Résumé

Mémoire pour les Colonies françaises (1821)

Loin de nous cependant la pensée de vouloir justifier la contrebande ; mais dans les Colonies elle n'est pas sans quelques avantages pour le commerce national : car si on la fait chez nous, nous la faisons chez les autres. Qu'avons nous à craindre? Les cotons de l'Angleterre et des Indes, objets la plupart de luxe, peu vendus dans un temps de calamité; mais les Colonies voisines des nôtres font une large consommation de nos vins, eaux-de-vie, toiles, bijouteries, huiles, soieries, batistes, modes, etc. Ce ne sont pas les Colons qui profitent de cette contrebande, mais bien la métropole.
Source : Gallica

Mémoire pour les Colonies françaises (1821)

Le commerce intérieur ou local des Colonies est encore plus à plaindre. Ce sont des commissionnaires qui ont fait des avances immenses à l'agriculture, dans l'intérêt de la métropole, puisqu'il s'agissait de relever des manufactures, d'augmenter la masse des produits, et de remplir des engagemens contractés.
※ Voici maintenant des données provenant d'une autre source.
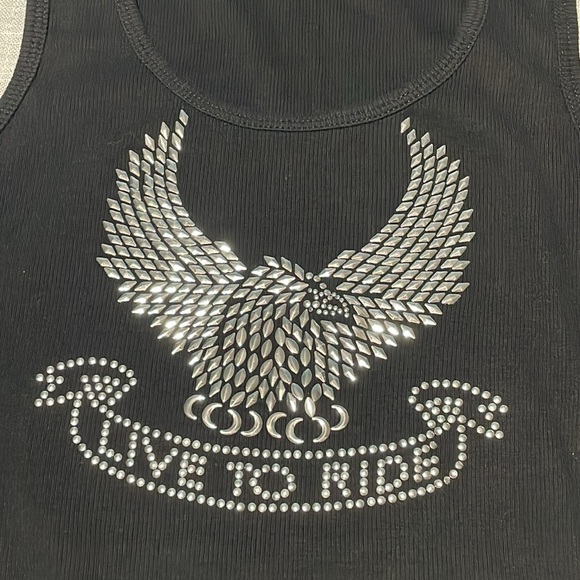 Live to Ride Y2K Biker Tank Top - Picture 2 of 5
Aujourd'hui l'agriculture est condamnée, par la force des choses, à être infidèle à ses promesses, et le trop confiant commissionnaire demeure à découvert, exposé à toute la rigueur de ses bailleurs de fonds.
Source : Gallica

Mémoire pour les Colonies françaises (1821)

Si l'on fait un sacrifice aux Colonies, ou il consiste en ce qu'on n'accorde pas à tous les sucres étrangers la même faveur qu'à ceux des pays français, ou en ce qu'on pourrait impunément frapper ces derniers du plus haut droit perçu aujourd'hui sur le sucre étranger.